The all-new 2011 Audi A8 is an impressive combination of high performance and high technology. High performance in the form of a luxury sedan powered by a 372-horsepower V8 that's capable of hitting 60 miles per hour from a dead stop in just 5.5 seconds or comfortably cruising for hours on end at speeds well in excess of 100 mph. High technology in the forms of onboard navigation and sound systems managed either by voice commands or by a laptop computer-like touch pad embedded in the center console next to a shift lever modeled after the throttle control for high-end yachts. All for a starting price below $79,000.

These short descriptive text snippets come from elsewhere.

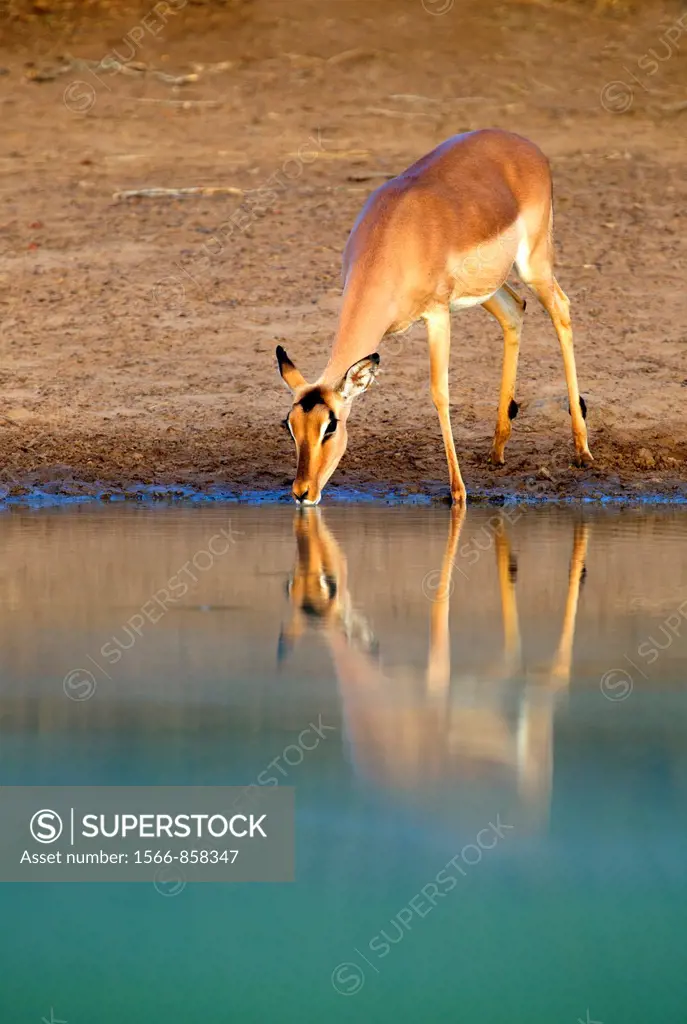 Impala Aepyceros melampus, in the waterhole, Kruger National Park, South Africa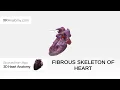 Download Lagu Fibrous skeleton of heart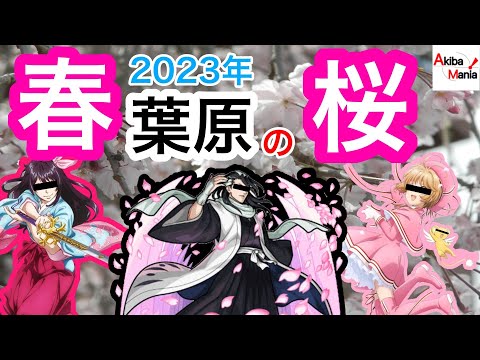 【2023年春】桜が満開の秋葉原でお花見をしてみた件！【春葉原】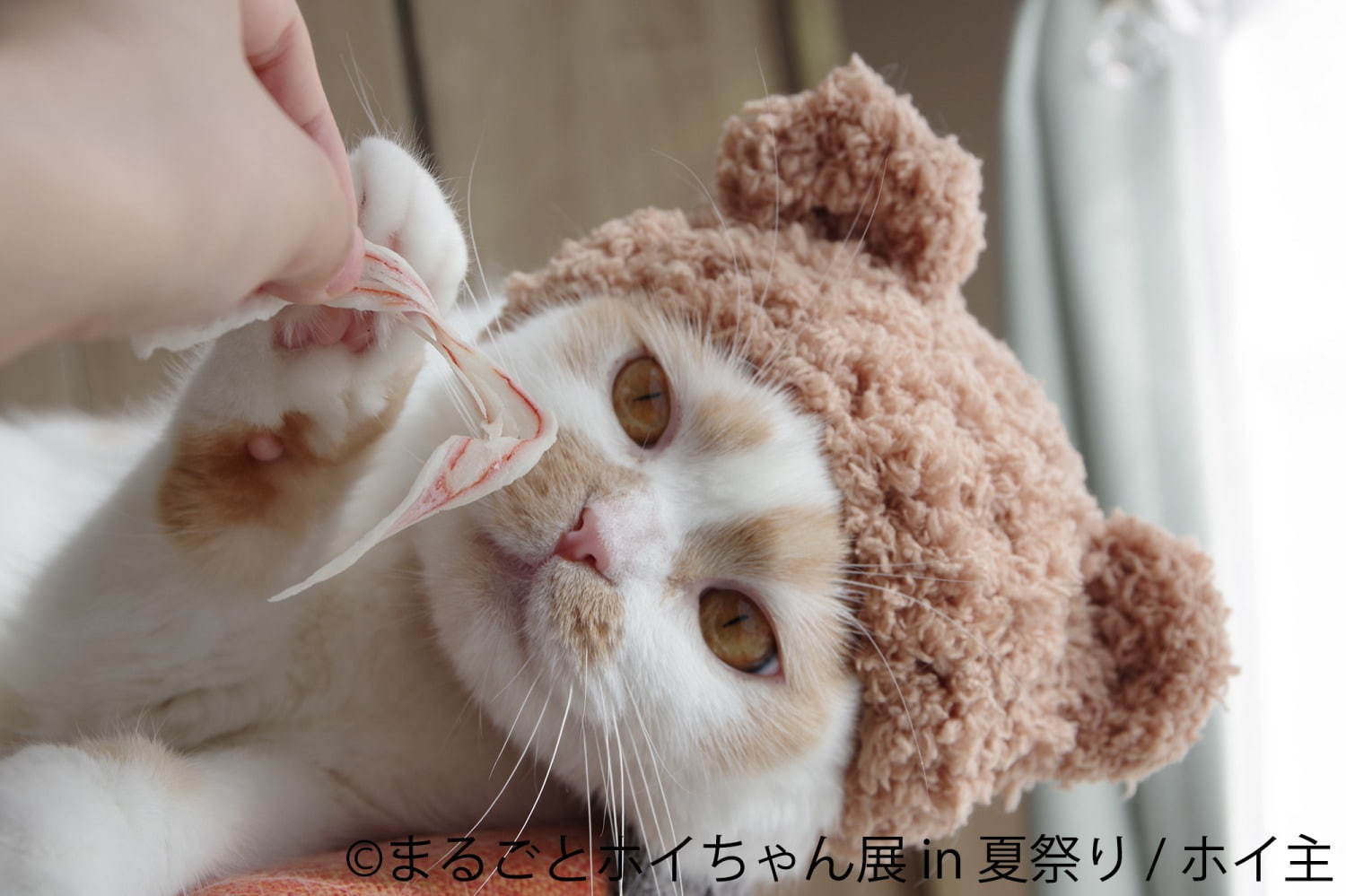 ねこ休み展スピンオフ「まるごとホイちゃん展」“夏祭り”がテーマの写真＆物販展、浅草で開催｜写真4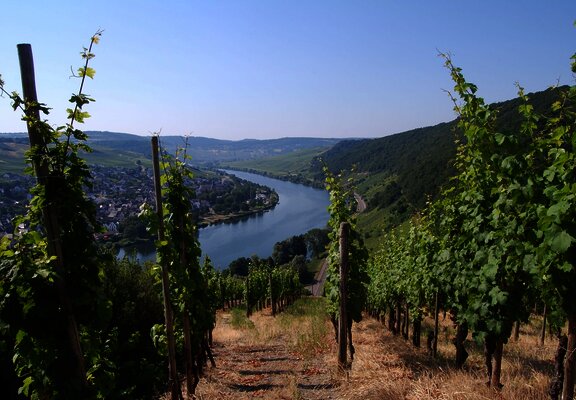 Blick auf Neumagen Dhron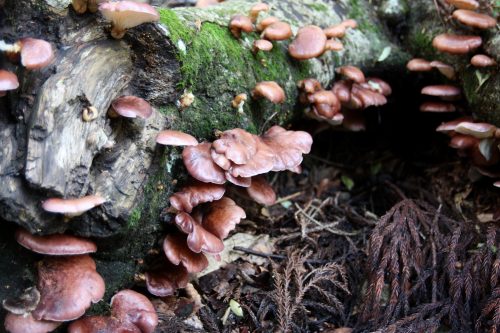 Forêt au pied du Mt Daisen, préfecture de Tottori, Japon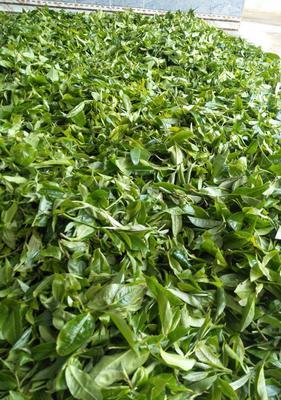 茶叶生产的主要树种（了解这些树种，享受不一样的茶香）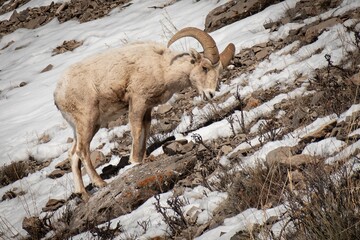 Jackson Hole Mountain Sheep - obrazy, fototapety, plakaty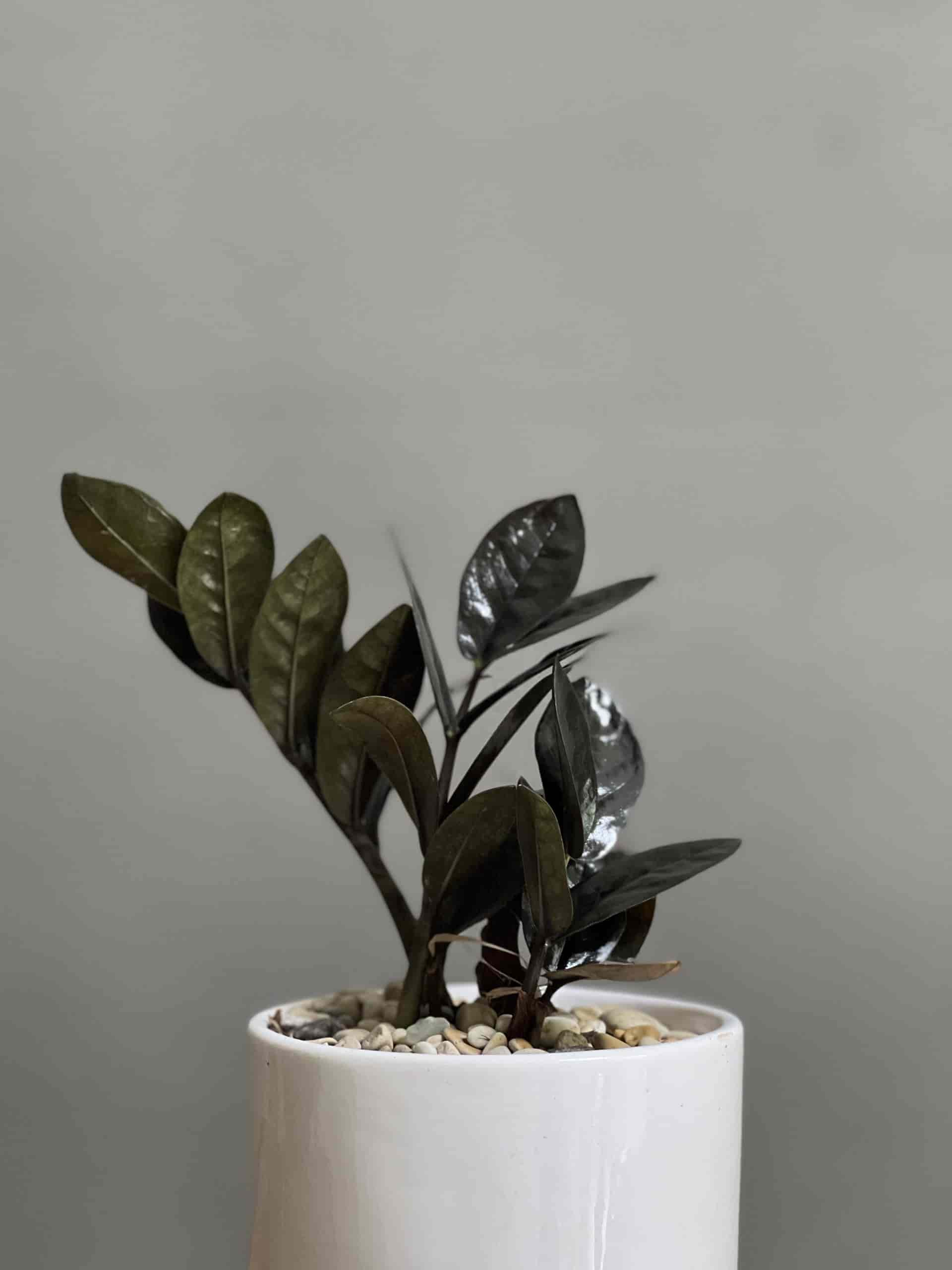 تصویر 1 از زاموفیلیا یشمی با برگ‌ های براق و خوش‌ رنگ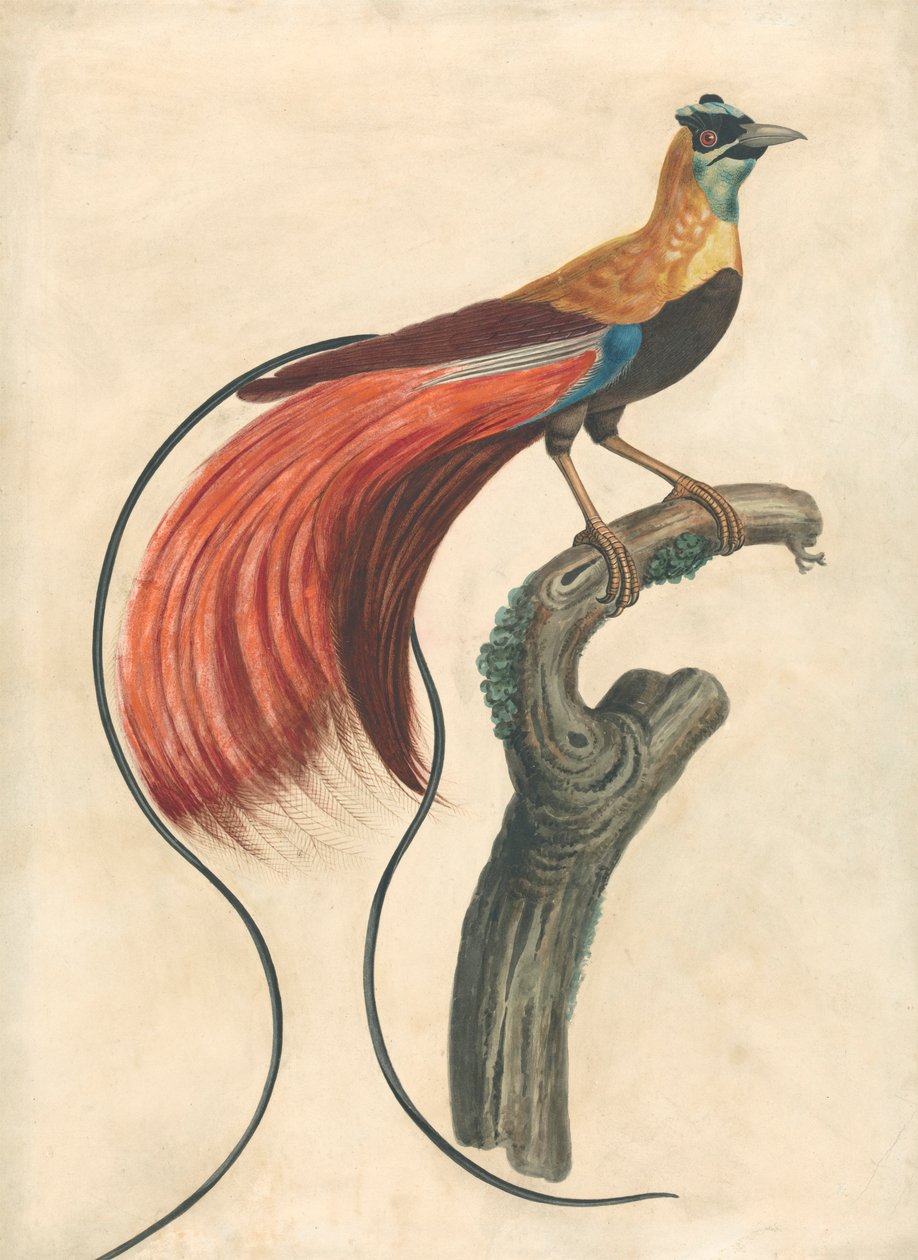 Ave de paraíso de plumaje rojo (Paradisea Apoda Raggiana), sudeste de Nueva Guinea de John Collet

A new, limousine-like A8L is available as well, featuring an extra-roomy back seat that can be decked out with reclining seats, a powered footrest, and a built-in refrigerator. The basics, in other words.
A true luxury car, the 2011 A8 comes standard with real leather trim and upholstery, all the requisite power-assisted features, Bose surround sound and a voice-recognition navigation system. Standard running gear comprises the aforementioned V8, a slick 8-speed automatic with available column-mounted paddle shifters, Audi's trademark quattro all-wheel drive and low-profile tires on alloy wheels.
Among the more noteworthy options available either in packages or individually are a Bang & Olufsen surround system with 19 speakers and a 1400-watt amplifier, ventilated and massaging seats, rearview camera, sports suspension, heated steering wheel and, for the A8L, a rear seat entertainment center with a pair of 10-inch LCD screens and individual audio controls.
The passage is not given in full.